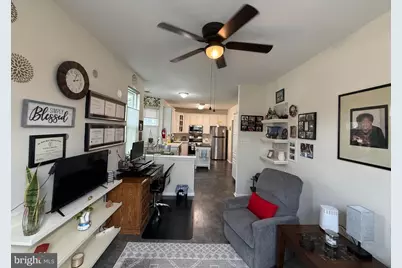 81 Pelican, West Deptford Township, NJ 08086 - Photo 14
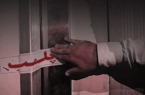 پلمب ۲ کافه همنوا با تروریستهای خیابانی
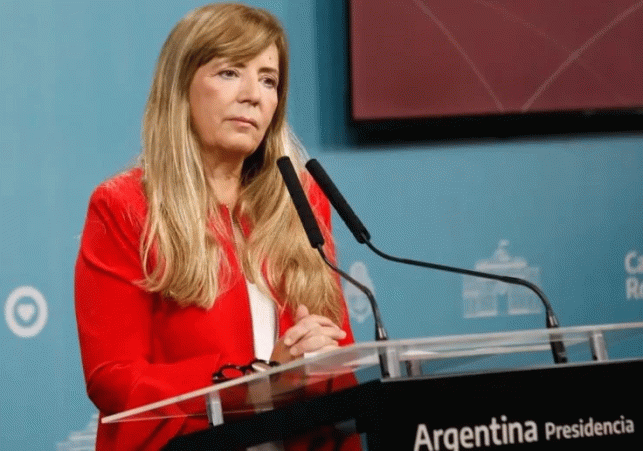 InfoSanLuis - Noticias locales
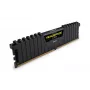 CORSAIR atminties rinkinys 32GB DDR4 2666MHz 2 moduliai C16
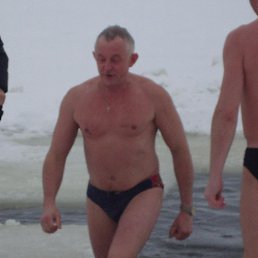 Aleksey, ����, 61 ���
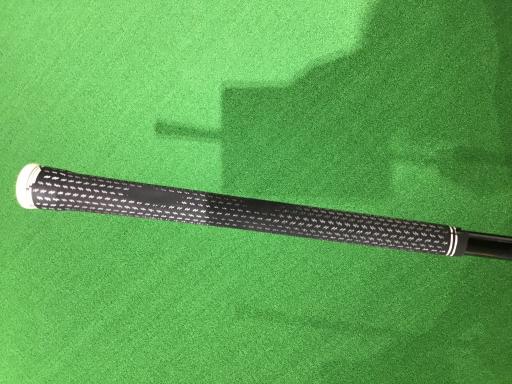 jhmf@roddcynmd@RviCG[j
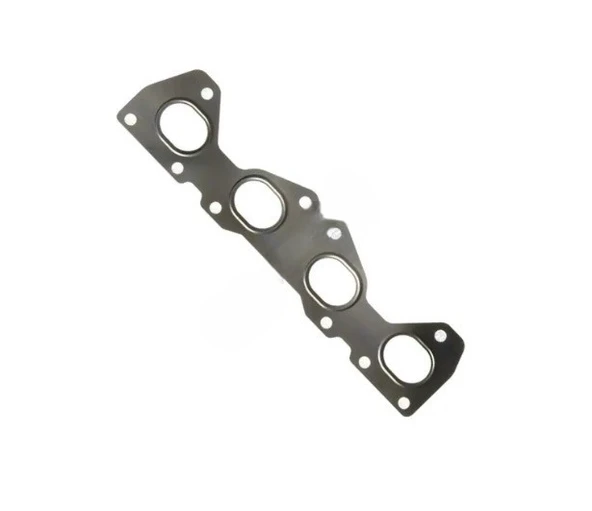 Peugeot 307 Egzoz Manifold Contası 1.6 16 V Benzinli Orjinal ürün görseli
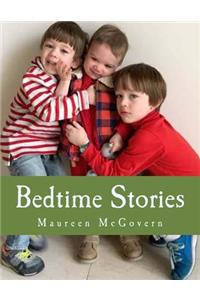 Bedtime Stories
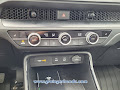 2026 Honda CR-V Hybrid Sport-L FWD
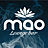 Mao Lounge Bar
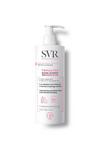 SVR TOPIALYSE Ultra Rich Face and Body Balm 400ml thumbnail 1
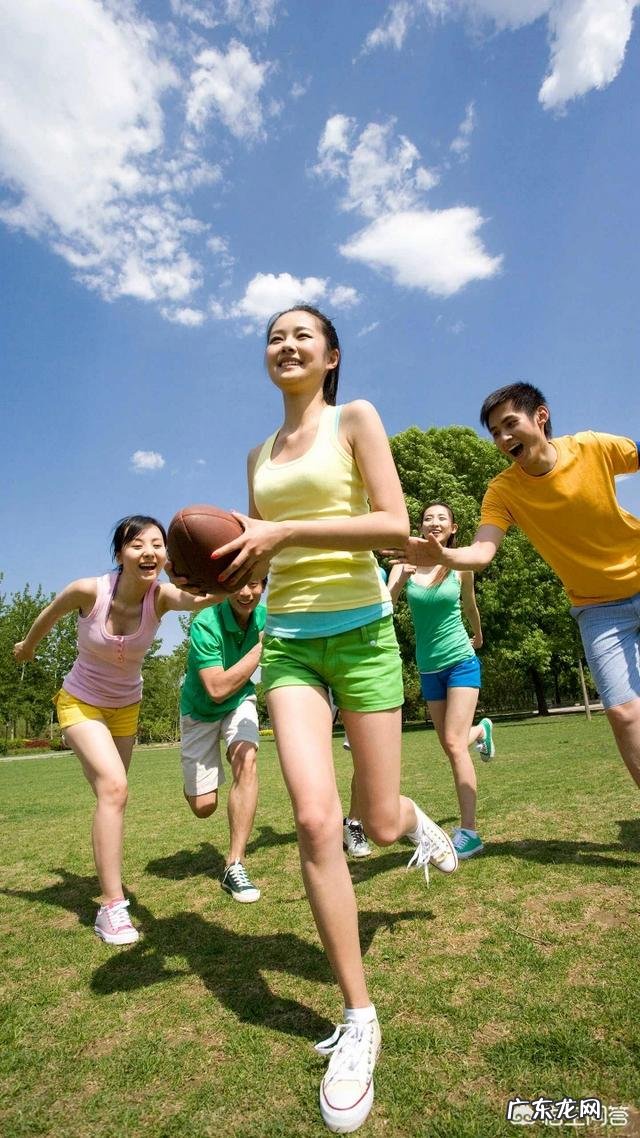 怎么才能追到喜欢的女孩?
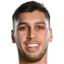 Bruno Jordão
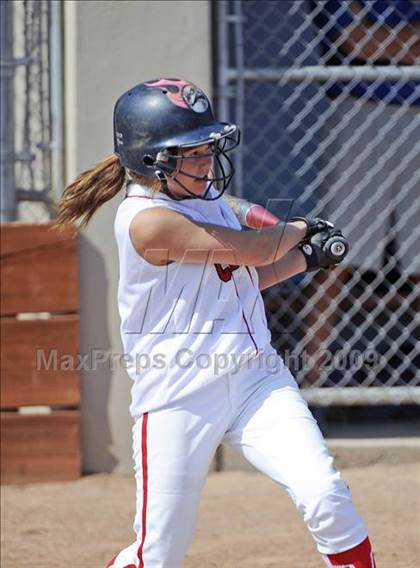 Thumbnail 1 in Nordhoff @ Bishop Diego photogallery.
☆ ☆ ☆ ☆ ☆ ☆ ☆
**Task directions**
Would you give the material back exactly, minus the pictures?

**Written answer**
 81 Pelican, West Deptford Township, NJ 08086 - Photo 14
 پلمب ۲ کافه همنوا با تروریستهای خیابانی
 InfoSanLuis - Noticias locales
 CORSAIR atminties rinkinys 32GB DDR4 2666MHz 2 moduliai C16
 Aleksey, ����, 61 ���
 jhmf@roddcynmd@RviCG[j
 Peugeot 307 Egzoz Manifold Contası 1.6 16 V Benzinli Orjinal ürün görseli
 Bedtime Stories
 2026 Honda CR-V Hybrid Sport-L FWD
 Mao Lounge Bar
 SVR TOPIALYSE Ultra Rich Face and Body Balm 400ml thumbnail 1
 怎么才能追到喜欢的女孩?
 Bruno Jordão
 Thumbnail 1 in Nordhoff @ Bishop Diego photogallery.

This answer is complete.